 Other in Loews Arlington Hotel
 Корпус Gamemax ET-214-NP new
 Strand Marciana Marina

........

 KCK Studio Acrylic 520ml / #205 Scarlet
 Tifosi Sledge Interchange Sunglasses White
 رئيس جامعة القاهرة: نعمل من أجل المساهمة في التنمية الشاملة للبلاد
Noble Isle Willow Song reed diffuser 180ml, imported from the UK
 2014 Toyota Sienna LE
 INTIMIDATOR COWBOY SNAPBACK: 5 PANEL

........

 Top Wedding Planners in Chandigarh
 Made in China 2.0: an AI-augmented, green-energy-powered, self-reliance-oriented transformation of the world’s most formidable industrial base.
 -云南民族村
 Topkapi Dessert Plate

........

### [ASSIGNMENT]
Starting at the line that contains "KCK Studio Acrylic 520ml / #205 Scarlet" and stopping after the line that contains "2014 Toyota Sienna LE", write out every line exactly as it appears above, and no other line.

### [RESPONSE AREA]
 KCK Studio Acrylic 520ml / #205 Scarlet
 Tifosi Sledge Interchange Sunglasses White
 رئيس جامعة القاهرة: نعمل من أجل المساهمة في التنمية الشاملة للبلاد
Noble Isle Willow Song reed diffuser 180ml, imported from the UK
 2014 Toyota Sienna LE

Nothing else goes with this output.